The filibuster blocks climate action, but eliminating it is worse
Joe Manchin might be onto something.
Joe Manchin might be onto something.
The moderate Democratic senator from West Virginia has repeatedly opposed dismantling the filibuster — a legislative tool that allows Senate minority parties to block any bill indefinitely. Manchin recently doubled-down on his sentiment, saying he’d “never” support ending the tool.
And though that opposition foils Democrats’ short-term plans, it may prove the best long-term decision for fighting climate change.
On the surface, eliminating the filibuster seems like a no-brainer for a Democratic party that just pulled off a hat trick. Without a filibuster, Democrats have the numbers to push through sweeping bills on voting rights, D.C. and Puerto Rico statehood, and the grand-daddy of them all: climate change.
That package of legislation on its own is worth really considering eliminating the filibuster — long-term consequences be damned. But it’s those long-term, uncertain effects that are most dangerous.
The Lord giveth, the Lord taketh away. And though Democrats control both houses and the White House today, it’s terrifying to think what a Republican-controlled Congress without a filibuster could do in the future.
The Republican Party has already shown what happens with a simple majority: Senate Republicans rushed the confirmation of Amy Coney Barrett, likely erasing decades of environmental action.
Republicans also largely protect Big Oil, ignore climate change, and fuel post-truth and anti-science movements. If this ideology makes up their base, think how it would be applied to unchecked partisan legislation.

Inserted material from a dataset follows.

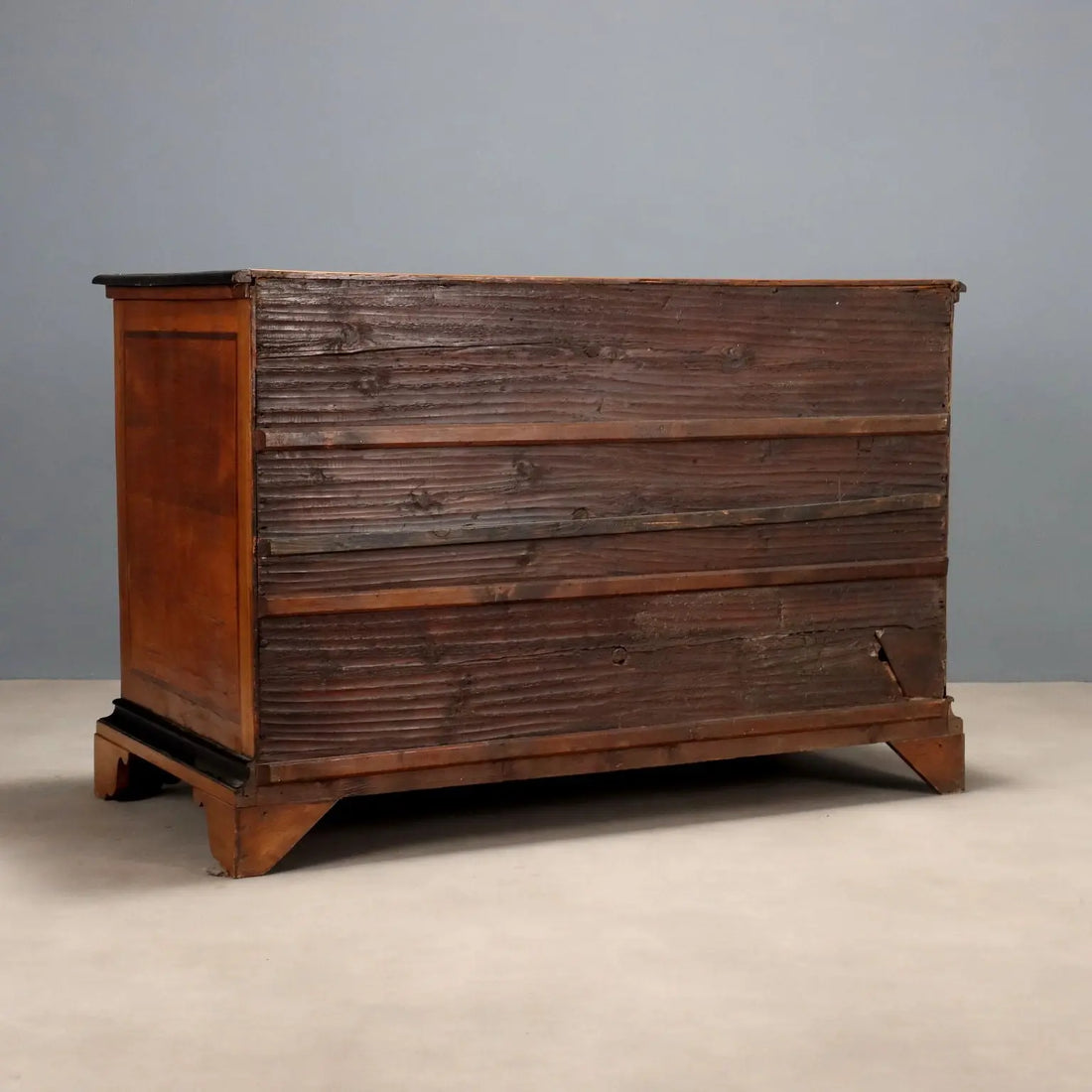 Antique Chest of Drawers Baroque 3 Drawers Italy XVIII Century - Italy, Early XVIII Century | Antiques | Chest of Drawers & Commodes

Take what’s happening in state legislatures as a warning. After false claims of a fraudulent election (and one insurrection later), state-level Republicans are now passing voter suppression laws, laws that historically marginalize and silence Black and brown communities. It’s not hard, then, to picture an unchecked, Republican-controlled Congress trying to pass some bullshit anti-voting law on the federal level.
Eliminating the filibuster may prove unwise for other reasons, too. For one, it makes climate even more of a partisan issue, entrenching each side further into their party, unwilling to compromise. That result doesn’t make for moderate, collaborative legislation — it makes for no legislation.
And that partisanship can impede progress through an entire presidency. In 2011, Obama avoided the filibuster with his healthcare bill (he had 60 Democratic or Independent senators), but he spent so much political capital that Republicans largely refused to work with him after they took back the House a year later.
If Biden goes all-in on one climate bill, he may easily be strapped when it comes to healthcare, voting, infrastructure, and other key priorities. Since climate is intersectional, we can’t just squeeze it into an “environmental” bill without considering how the crisis affects energy, defense, agriculture, housing, civil rights, and more.
It’s frustrating to see yet another sweeping climate bill introduced in the House this week, knowing it’s dead on arrival in the Senate. And it’s tempting to just say fuck it and eliminate the filibuster — Michelle Obama’s “when they go low, we go high” mantra doesn’t age well after four years of Trump.
But time and time again, strictly partisan bills show, at best, a shaky permanence, and the other side of the coin — an unchecked, Republican-controlled Congress — is worth avoiding at all costs.
For now, there exists other tools to get climate action passed, such as budget reconciliation, emergency declarations, and executive orders, the latter of which Biden has shown he’s unafraid to use.
Like it or not, Joe Manchin holds a lot of power, as we’ve just seen with Biden’s stimulus package. And though a 73-year-old moderate from an aggressively red state hardly seems like the future of U.S. politics, his political calculations on the filibuster may offer a lesson or two about the long-term fight for climate action.